Actually, according to Lozansky, Bush was first briefed on the idea by conservative political activist Paul Weyrich after Weyrich’s trip to Moscow last November to train Soviet dissidents in political organizing. This led to a meeting in February with Vice President Dan Quayle, in which Ossipyan and Lozansky outlined their plans.

“Now we are looking for financial backers, and we have to establish a joint board of trustees,” Ossipyan said yesterday. “The main idea is that the university has to be private. In the Soviet Union, we have only state universities, so this will be the first private one in the history of the country.” Asked how this could happen, Ossipyan said, somewhat vaguely, that changes in Soviet society will allow this in time and that even now the Soviet trustees can be “independent.”

The plan, as the two men have scoped it out so far, calls for establishing campuses in both countries — a town house in Washington and a building in Moscow — by the end of the year, with 50 students and five professors going each way. Soviet professors will teach in their areas of strength (analytical mathematics, theoretical physics, Slavistics and philology) and the Americans in theirs (business, management, economics and computer science).

The first American academic to accept a position in the new university is Edwin G. Dolan, a Yale PhD in economics who has taught at George Mason University and Gettysburg College in Pennsylvania. “It’s something I’ve wanted to do for a long time,” he said in a telephone interview. Describing himself as a “free-market economist,” Dolan said he plans to depart Sept. 1 for Moscow, where he and his wife, Kitty, a political scientist, will live in an apartment provided by “the Soviet side.” So far, no Soviet professors have been chosen.

Simon Fireman, formerly a director of the Export-Import Bank and now a private consultant in international fund-raising, hosted the reception last night. He had learned of the university project only two weeks ago when he happened to have lunch with Lozansky, and hopes to raise funds from “American industrialists” and others to buy the campus building in Washington by the end of the year. “This summit is an opportunity for me to be somewhat related to sponsoring this,” Fireman said by telephone. “It opens the doors and kicks off a relationship which is extremely positive.”

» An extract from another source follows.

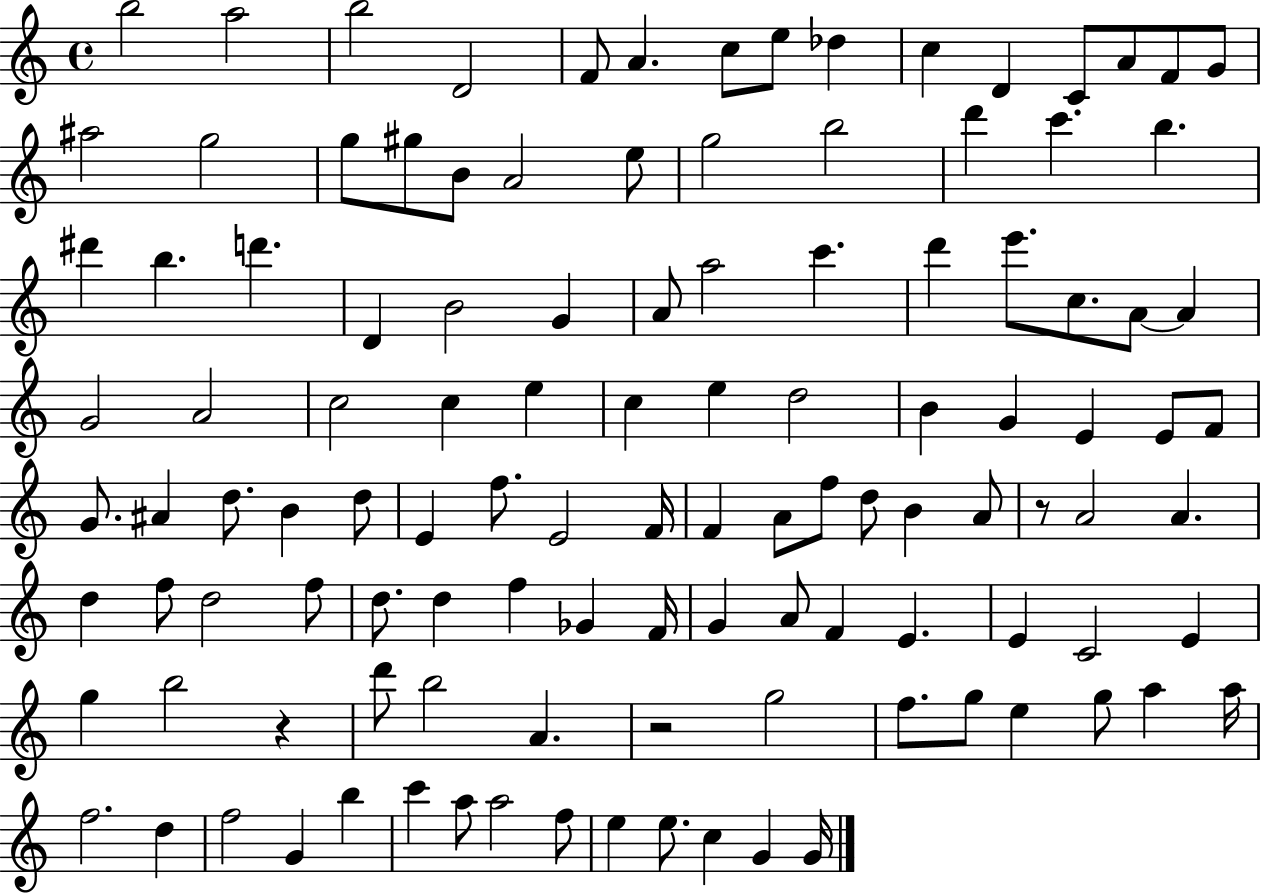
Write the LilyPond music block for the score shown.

“When I told him about the university he got excited,” said Lozansky. “He moved so fast! I thought maybe he was just talking about it, but later I realized he was serious.”

Lozansky is a tall, confident and friendly man whose forced exile from his homeland in 1976 and subsequent struggle to free Tatiana became a Cold War classic. It resulted in his 1984 book “For Tatiana,” which he said earned him enough to buy an expensive apartment on Connecticut Avenue and is now being made into a television miniseries by a British producer.

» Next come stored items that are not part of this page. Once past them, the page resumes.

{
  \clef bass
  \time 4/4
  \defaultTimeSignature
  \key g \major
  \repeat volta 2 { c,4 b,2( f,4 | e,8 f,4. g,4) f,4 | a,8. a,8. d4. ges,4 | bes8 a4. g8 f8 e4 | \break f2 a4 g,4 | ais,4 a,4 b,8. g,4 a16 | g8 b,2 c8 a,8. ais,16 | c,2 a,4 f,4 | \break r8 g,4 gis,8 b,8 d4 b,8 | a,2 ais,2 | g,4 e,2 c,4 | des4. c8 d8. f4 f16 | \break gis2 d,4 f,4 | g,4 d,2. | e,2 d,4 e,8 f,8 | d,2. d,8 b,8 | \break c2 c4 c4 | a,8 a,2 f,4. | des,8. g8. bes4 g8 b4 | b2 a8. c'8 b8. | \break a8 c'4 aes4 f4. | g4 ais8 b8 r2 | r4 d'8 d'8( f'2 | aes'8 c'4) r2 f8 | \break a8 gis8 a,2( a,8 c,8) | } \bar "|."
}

He drives a snow-white Cadillac Seville with white leather interior and runs an educational exchange business, International Educational Network. “Our business is doing well,” he said, “with all the {Soviet-American} conferences and exchanges. I enjoy America very much. In America, I have an idea and I just go ahead and implement it! In Russia I was told, ‘Shut up, go away.’ “

In the Soviet Union, he had worked as a nuclear physicist, married Tatiana (a top general’s daughter) and lived the good life until he became disgusted with the cynicism and materialism he saw all around him. He began speaking out, and soon became known as a Jewish dissident intellectual and enemy of the communist system.

His original idea was to urge American intellectuals and politicians traveling to the Soviet Union to give talks to groups of dissidents, terming this activity a “university” of sorts. He did this with Harvard professor Richard Pipes in June 1988, and again with Sens. Phil Gramm (R-Tex.) and Robert Kasten (R-Wis.) a year later.

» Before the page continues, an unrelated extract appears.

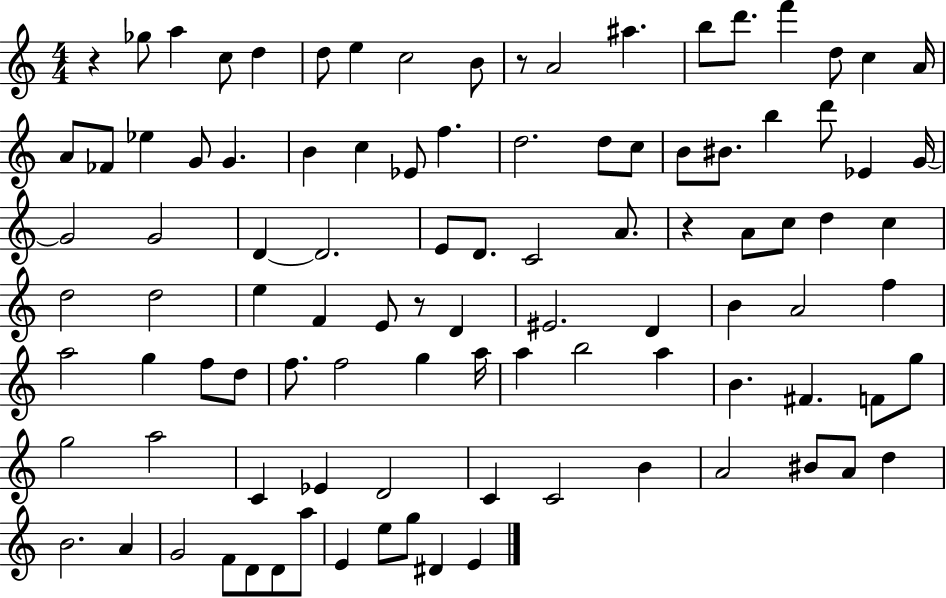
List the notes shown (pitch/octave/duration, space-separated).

R/q Gb5/e A5/q C5/e D5/q D5/e E5/q C5/h B4/e R/e A4/h A#5/q. B5/e D6/e. F6/q D5/e C5/q A4/s A4/e FES4/e Eb5/q G4/e G4/q. B4/q C5/q Eb4/e F5/q. D5/h. D5/e C5/e B4/e BIS4/e. B5/q D6/e Eb4/q G4/s G4/h G4/h D4/q D4/h. E4/e D4/e. C4/h A4/e. R/q A4/e C5/e D5/q C5/q D5/h D5/h E5/q F4/q E4/e R/e D4/q EIS4/h. D4/q B4/q A4/h F5/q A5/h G5/q F5/e D5/e F5/e. F5/h G5/q A5/s A5/q B5/h A5/q B4/q. F#4/q. F4/e G5/e G5/h A5/h C4/q Eb4/q D4/h C4/q C4/h B4/q A4/h BIS4/e A4/e D5/q B4/h. A4/q G4/h F4/e D4/e D4/e A5/e E4/q E5/e G5/e D#4/q E4/q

But after meeting Ossipyan in Moscow, he took a new tack. “The idea moved quite slowly at first,” he said. ” … Then gradually we began to understand better what we want. After the summit is over, we will select other professors and do the fund-raising. We want representatives of different American universities to join the effort.”

Interest in the project is high, and several Soviets in town for the summit have taken the time to see Lozansky. Nikolai Karlov, president of the Moscow Physical Technical Institute, dropped by his office the other day.

“It’s vitally necessary to develop close links between individuals in science, technology and the humanities,” Karlov said later in a telephone interview. He said he thinks mankind is “facing disaster” and that a Soviet-American university will help avoid this.

Such a university, he said, will help in “the humanitization of the technocratic mind.”